When I first read this story this afternoon, I thought something seemed kind of fishy about it. Things that struck me as really questionable:
- She claims that she was at the ATM when it happened, and yet the incident occurred when she was conveniently out of range for the ATM's surveillance cameras?
- She refused any kind of immediate medical treatment -- she clearly wasn't worried about tetanus or permanent scarring -- and yet she went to the hospital today. Not wanting to go in the first place could be chalked up to lack of health insurance or something, but going back the next day blows that theory.
- The cut seems awfully superficial to be the work of a violent mugger in an angry rage wielding a decent-sized knife. (One of my college roommates was a self-injurerer. I've seen her make far nastier cuts than that with a pair of scissors.)
- Her
twitter comments seemed ridiculously staged. She somehow manages to more or less predict how her evening will turn out before it even happens. Oh, and look, there's a McCain plug at the end!

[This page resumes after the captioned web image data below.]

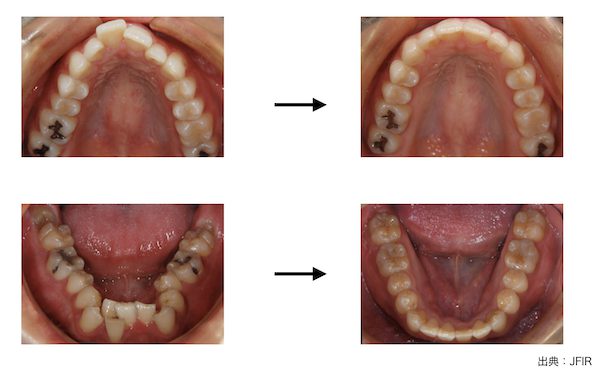 歯科医師会田の噛み合わせメディア〜カムシル〜｜皮膚科で治らないその症状、歯科医院で治る可能性も｜矯正治療を行い、口呼吸の改善を図った治療例の画像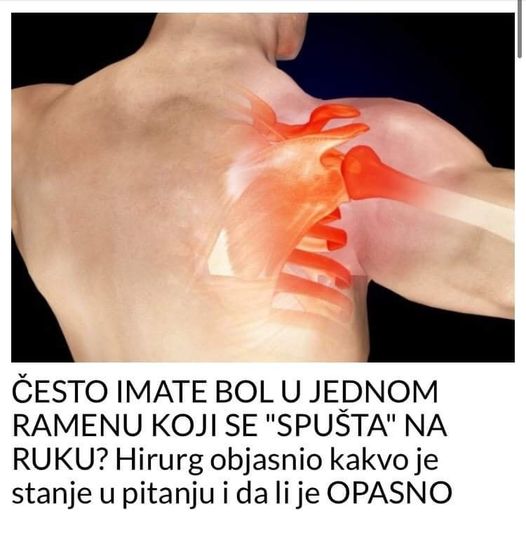 ČESTO IMATE B0L U JEDNOM RAMENU KOJI SE “SPUŠTA” NA RUKU? Hirurg objasnio kakvo je stanje u pitanju i da li je OPASN0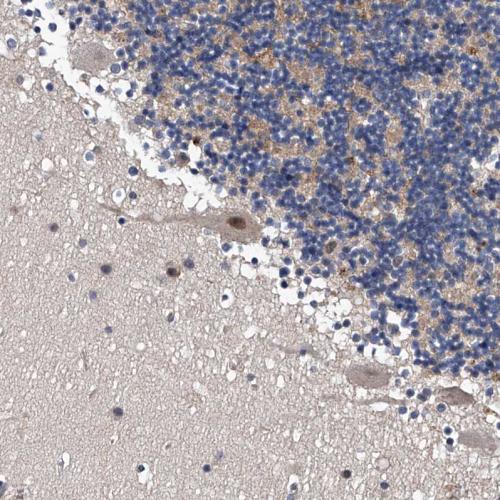 Immunohistochemical staining of human ce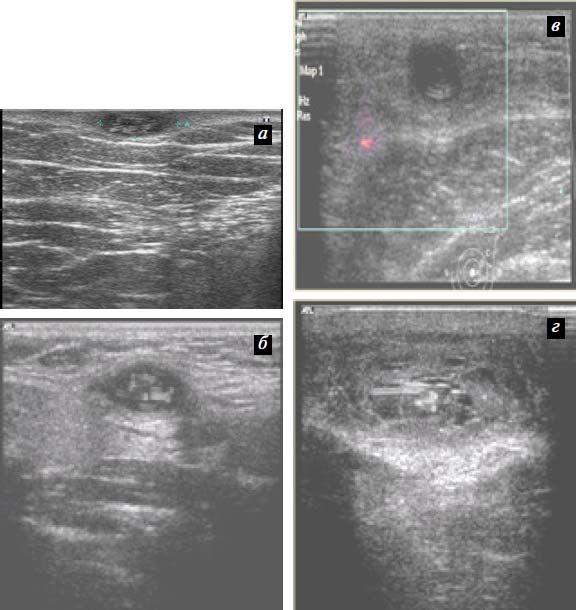 Рис. 3. Эхограммы пациенток В., 36 лет (а), Д., 40 лет (б), У., 47 лет (в), О., 55 лет (г), с паразитарными кистами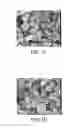 Fig. 05 - VITAMIN K2 MICROSPHERES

Things that seemed kind of suspicious, but probably wouldn't have seemed that weird if it weren't for the above major red flags:
- She described the assailant as wearing a wife-beater. It's October in Pittsburgh at 9 PM. Either he's too poor to buy a coat, strung out on some great drugs . . . or he's imaginary. Who else would wear a wife-beater when it's 45 out?
- Why a B? A real Obama fan probably would have opted for an O.
- While we're on the subject of the B, why is it backwards? Sure, he could have knocked her to the ground and stood over her to carve it in upside down, but that leaves her in a pretty good position to escape. If you were trying to immobilize her, you would sit on her chest and pin her hands down while you cut her up. (In fact, one article claims that Ashley Todd described it happening exactly like that.) But that would make the B forwards, not backwards. . .
- Could not provide a physical description beyond height, weight and race. (Surprise! It's a black man!)
- Why did she leave the scene of the crime and then return later, only calling the police when she came back? By all accounts, it's a fairly well-populated neighborhood at that hour of the night, with restaurants still open even on the block where she was claiming it happened. Wouldn't it have made more sense to go to the pizza place down the block, call the cops and wait for them there?
- The photo accompanying most articles was not distributed by the media or the police, but by Todd herself. That makes it pretty clear that -- whether she staged the attempt or not -- she's distributing the image in order to get something from the public. Whether that's simply attention or a furthering of her candidate's political agenda, we can only guess.
At any rate . . .
turns out the police agreed that her story didn't add up. Because of inconsistencies both in her story, and between the story and the crime scene evidence, they want her to take a polygraph test.
So what do you guys think? Hoax or legitimate?